そんな不完全な記録から、できる限り原本の意味を忠実に日本語に移し替えたのが本書だ。だから文の途中で単語や句が抜けてるし、物語も途中で途切れたりする。
それだけ、原文に近い作品なわけで、オタクとしてはその濃さが嬉しいのだ。
なお、成立した頃の世相を反映した作品も多いため、Wikipedia などで古代エジプトについて調べておくといいだろう。また地名も出てくるので、Google Map や地図帳があると便利。だいたい西はリビア、南はスーダン、東はイラク、北はレバノンとシリアあたりが出てくる。
【構成は?】
それぞれの物語は独立しているので、美味しそうな所をつまみ食いしてもいい。なお、素人は解説を読みながらでないと意味が分からない作品が多いので、複数の栞を用意しておこう。
- シヌヘの物語
- ウェストカー・パピルスの物語
- 難破した水夫の物語
- 生活に疲れた者の魂との対話
- 雄弁な農夫の物語
- イプエルの訓戒
- ネフェルティの予言
- ホルスとセトの争い
- メンフィスの神学
- 二人兄弟の物語
- ウェンアメン旅行記
- 宰相プタハヘテプの教訓
- メリカラー王への教訓
- アメンエムハト一世の教訓
- ドゥアケティの教訓
- アニの教訓
- アメンエムオペトの教訓
- オンク・シェションクイの教訓
- ピラミッド・テキスト
- アメン・ラー賛歌(1)
- アメン・ラー賛歌(2)
- ラー・ホルアクティ賛歌
- アテン賛歌
- ナイル賛歌
- オシリス賛歌
- 単一神への賛歌
- センウセルト三世賛歌
- トトメス三世賛歌
- セド祭の碑文
- ミンの大祭の碑文
- 「後期エジプト選文集」より
- 訳注/解説/索引
【感想は?】
「エジオプト神話集成」というより、「古代エジプト文書集」が適切だろう。
「神話」とあるが、ギリシャ神話や日本神話のように、創世記から始まり人の世が始まるとかの系統だった話を期待すると、肩透かしを食らう。というか、食らった。

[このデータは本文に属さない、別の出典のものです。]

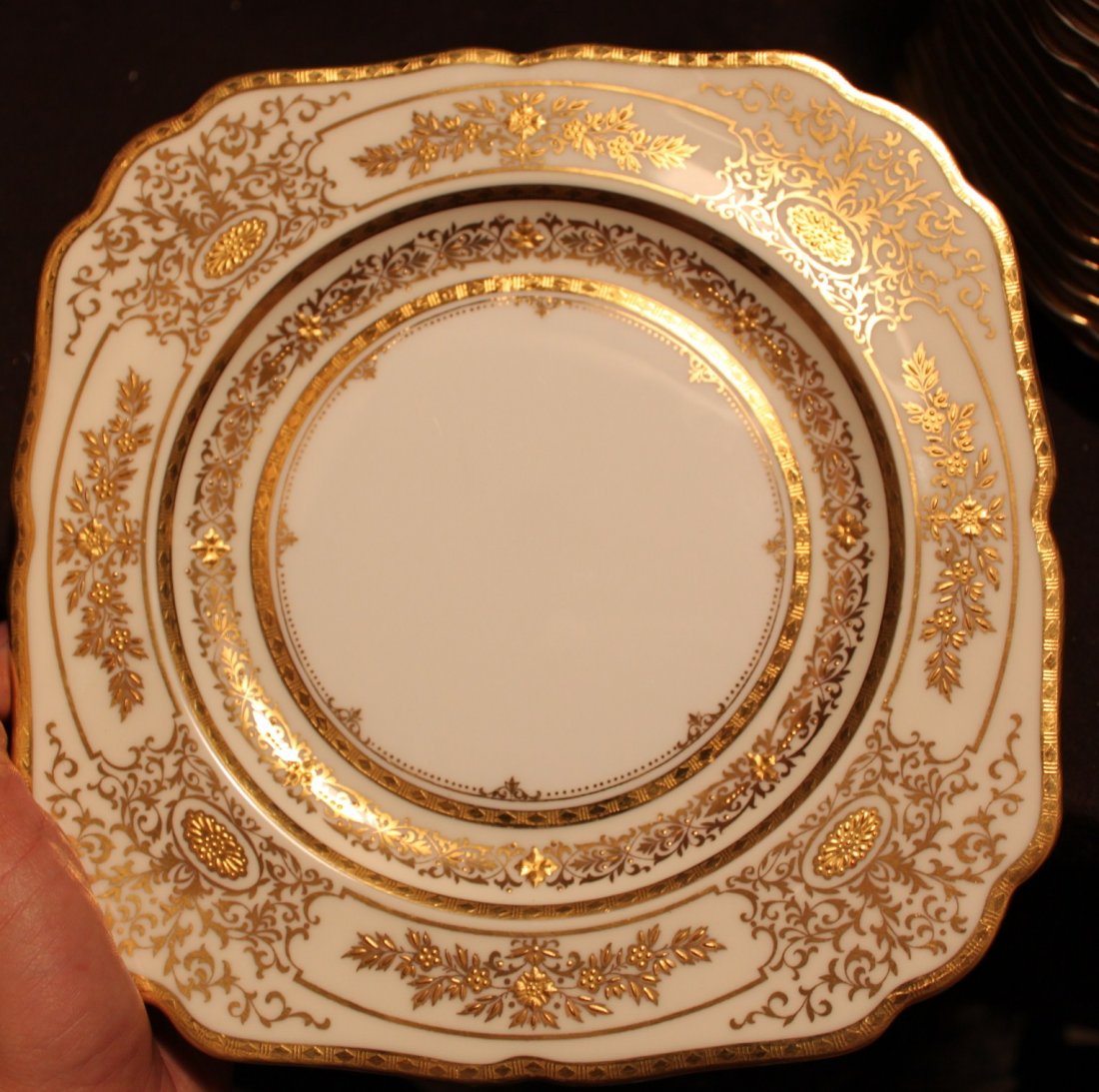 Minton China Service for 30: Measurements: 8.5 x 8.5 plate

そもそも、全体として一貫したストーリーを持つ本ではない。今まで残っているテキストの中から、比較的に解読が進んでおり、かつ文学的な香りのするものを選んで集めた、そんな雰囲気の本だ。もっとも、Wikipedia によると、エジプト神話は時代によって大きく変わっているので、そもそも一貫した物語を期待するのが間違いなんだろう。

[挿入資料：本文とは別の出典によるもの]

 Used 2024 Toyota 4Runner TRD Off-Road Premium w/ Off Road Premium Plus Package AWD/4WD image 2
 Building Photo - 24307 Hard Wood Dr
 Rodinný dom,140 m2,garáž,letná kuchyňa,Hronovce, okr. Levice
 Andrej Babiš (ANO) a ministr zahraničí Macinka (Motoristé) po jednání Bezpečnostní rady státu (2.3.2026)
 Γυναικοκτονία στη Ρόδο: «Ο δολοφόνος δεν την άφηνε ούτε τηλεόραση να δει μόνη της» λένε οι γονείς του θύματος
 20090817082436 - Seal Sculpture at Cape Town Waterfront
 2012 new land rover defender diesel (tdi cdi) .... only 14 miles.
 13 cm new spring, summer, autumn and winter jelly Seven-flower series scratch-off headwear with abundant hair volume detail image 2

神様が活躍する物語も少ない。「難破した水夫の物語」と「ホルスとセトの争い」ぐらいか。超自然な事柄が出てくる話も少なくて、人間が主人公の世情を映す話が多い。それより多いのが、若者への戒めや、神々や王への賛歌だ。中には「税を免じてくれ」とか「支払いはまだか」みたいな事務的な手紙も入ってる。
だもんで、これで古代エジプト神話を知るのは、まず無理。そこは覚悟しよう。それより「数千年前の人がどんな記録を残したか」が、この本の大事な所。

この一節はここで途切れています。